Even in a year when theater and museums were closed for months on end, there was still much to cover in the metro Phoenix arts and culture scene. Here are the 10 stories that got the most attention, in ascending order.
Gabriel (left) and Isaac Fortoul at Phoenix Art Museum.
The Fortoul Brothers, Gabriel and Isaac, are a nationally recognized artist duo as well as two of the most popular artists in Phoenix. That is, until multiple women came forward with sexual misconduct allegations against Isaac Fortoul. What followed was the fall of a pair of artists on the rise, including murals covered over and public art contracts lost.
The David and Gladys Wright House got new owners this year.
The David and Gladys Wright House sold in August after a long time on the market. The new owners paid $7.25 million for the home Frank Lloyd Wright designed for his son and daughter-in-law. The owners plan to use it as a private home rather than a cultural center, which is kind of a bummer, but at least we know this architectural gem will be protected in the future.

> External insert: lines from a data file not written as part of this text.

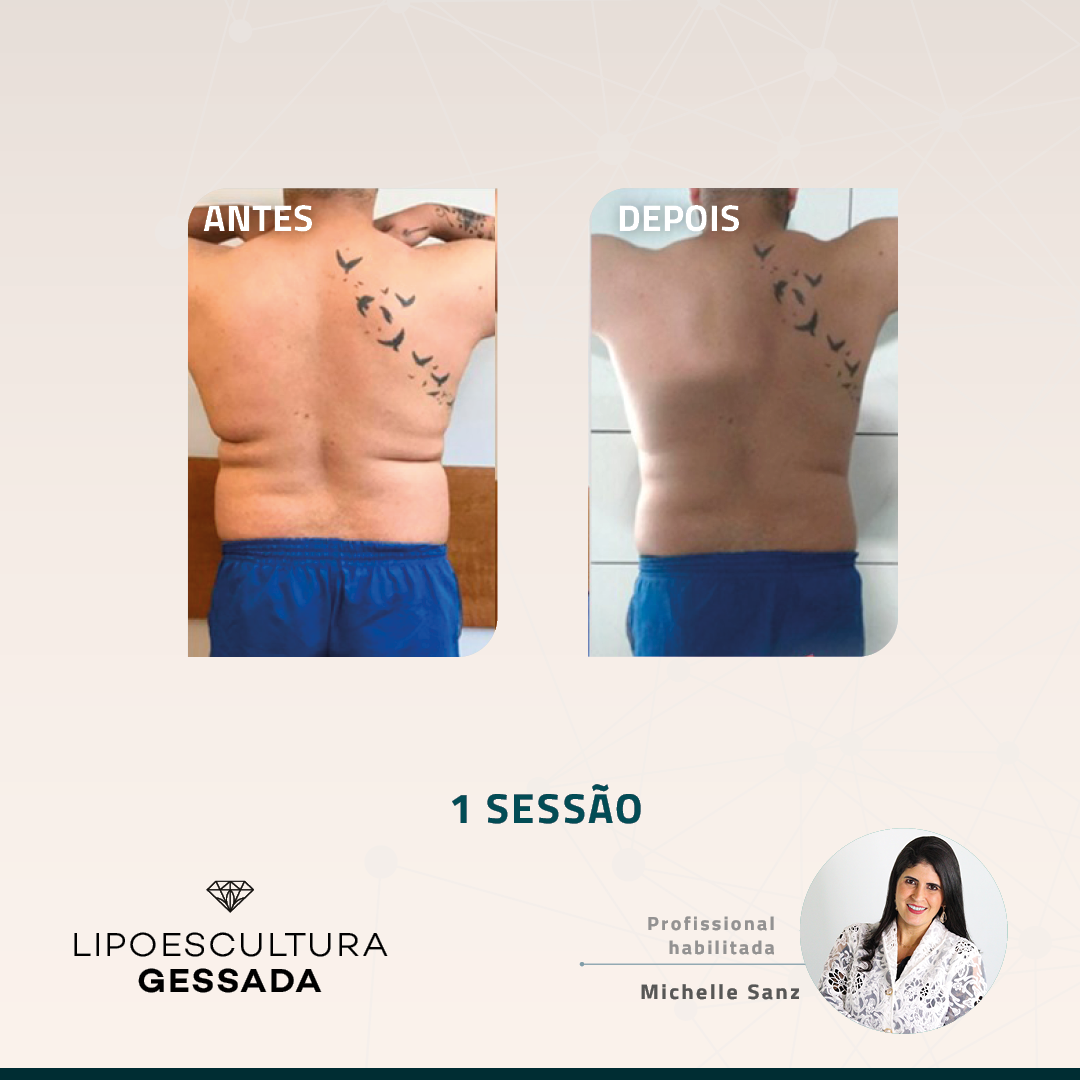 Antes e depois — celulite e gordura localizada por profissional habilitada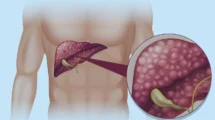 Pancreatite - O que você sabe sobre essa doença?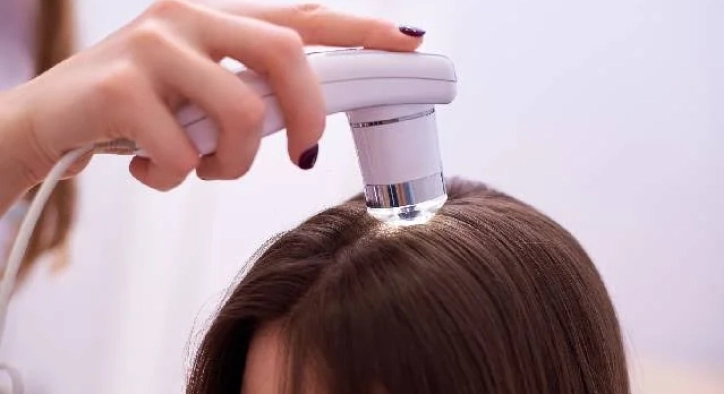 What Is Low-Level Laser Therapy for Hair Transplantation? How Is It Applied?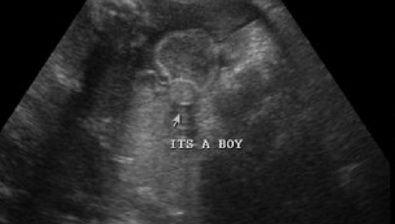 32 weeks pregnant ultrasound #4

This tribute to essential workers was painted by Robert Gentile and El Spawk at Grand ArtHaus.
Museums were closed for most of the year, but metro Phoenix didn’t lack for new art. Murals all around town addressed politics, the Black Lives Matter movement, and other issues of the day, plus they added vibrancy and visual interest to the Valley during the pandemic doldrums.

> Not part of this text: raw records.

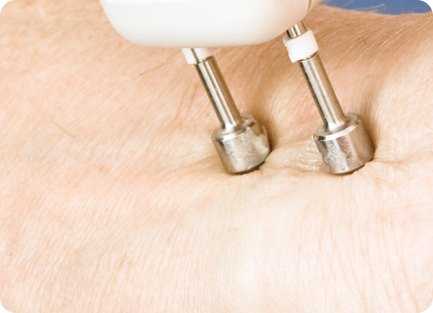 ЭНМГ (электронейромиография)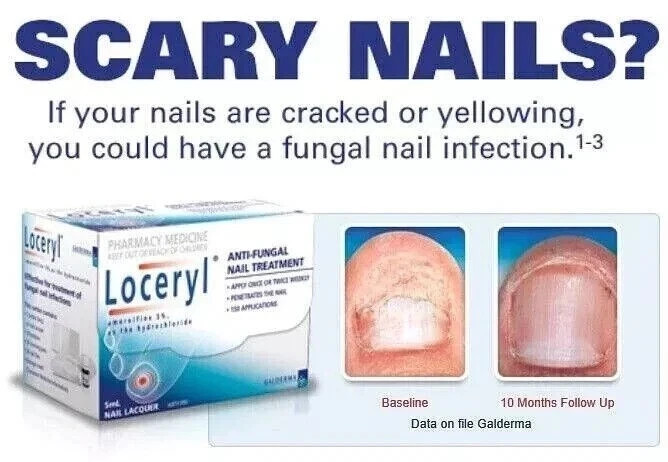 Nail Fun-gal Lacquer 2.5ML FREE & FAST DELIVERY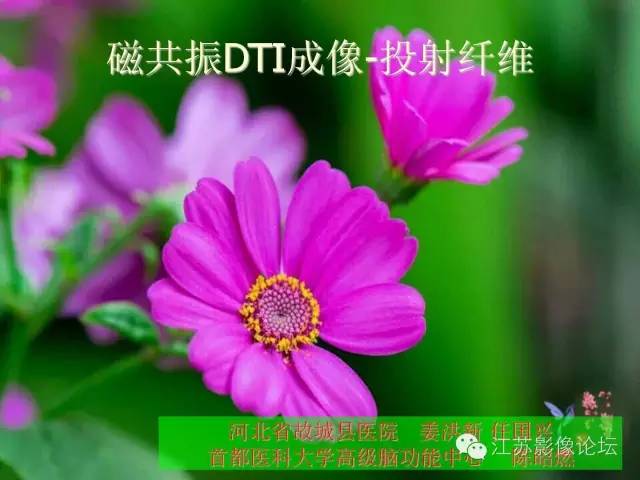 【PPT】磁共振DTI成像-投射纤维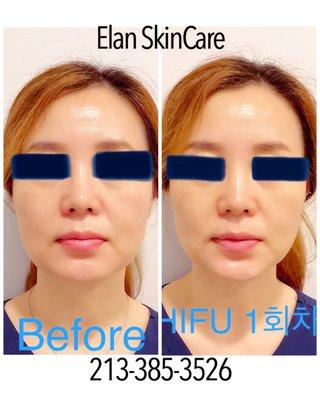 After the first HIFU treatment, my face underwent a remarkable transformation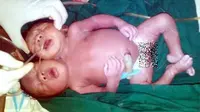Tragis, Bayi Terlahir Kembar Dua Kepala Satu Alat Kelamin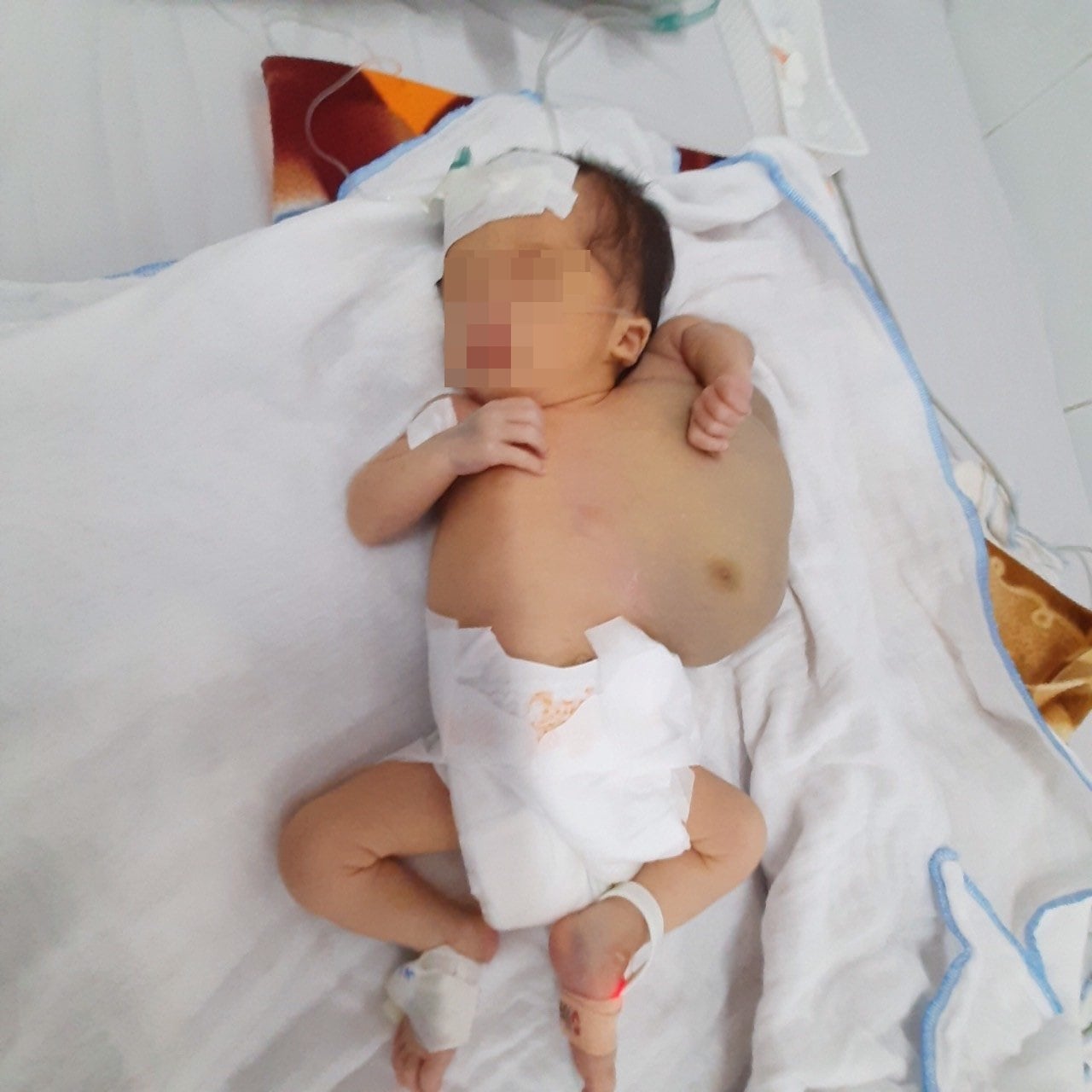 Phẫu thuật u bạch huyết khổng lồ cho trẻ sơ sinh 10 ngày tuổi - Ảnh 1.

Sammy Pratt (left) and Kyle Pratt, the creators of Christmas Forever in Scottsdale.
Our annual guide to home Christmas displays is usually one of the most popular stories of the year, and the 2020 installment was no exception. We rounded up the most impressive private displays from every corner of metro Phoenix. We recommend you throw some hot chocolate in a Thermos, hop in the car, and start exploring.
Metrocenter was a ghost town well before it officially closed, as this 2019 photo shows.
When west Valley shopping mall Metrocenter closed at the end of June, it was the end of an era. This cover story delved into the history of the mall and memories from generations of Phoenicians who hung out there, and reported from one of the “cruise the mall” events that took place during Metro’s final days.
A supermoon in 2012 seen from southern Arizona.
With everything closed down this year, there wasn’t much to do besides stare at the sky, which is probably why so many of you clicked on our astronomy stories. These handy guides helped amateur skywatchers decipher what they were seeing in the heavens above.
This election-themed design covered up Trump’s face.
The Trumpocalypse billboard, with its mushroom clouds and swastika-like dollar signs, had become a familiar sight on Grand Avenue. But in June, artist Karen Fiorito switched out the president’s mug for an election-themed design. In honor of the Black Lives Matter movement and the summer protests, she also redid the back of the billboard to show the faces of Black men and women who had been killed by police. Now that the election is over, a new design is reportedly in the works.
Alissa Turney’s school photo (left) and Michael Turney’s mugshot.
Sarah Turney never gave up trying to find out what happened to her sister, Alissa, a Paradise Valley High School student who disappeared in 2001. After a website, billboards, and a podcast, Sarah finally turned to TikTok to generate interest in Alissa’s case, where she racked up millions of views. But the biggest break came in August, when a grand jury indicted the girls’ father, Michael Turney, on one count of second-degree murder in the death of Alissa.
Plenty of people watched movies at WestWorld of Scottsdale in the spring and summer.
Steve LeVine Entertainment
In January, no one would have put money on drive-in movie theaters seeing a huge resurgence this year. But when COVID-19 closed cinemas and kept people cooped up in their houses, the retro form of entertainment was suddenly one of the best ways to be safe and have fun at the same time. This piece listed all the options around town to catch a drive-in flick.
Phoenix had its hottest day ever on June 26, 1990, when the mercury hit 122 degrees.
On June 26, 1990, the temperature in Phoenix hit 122 degrees. Naturally, anyone who was around on that day has plenty to say about our hottest day. This oral history collects memories from the people who remember the record-setting heat, including a local meteorologist who did a live segment from his studio’s roof, a construction worker whose colleagues kept passing out, and a woman whose underwear melted.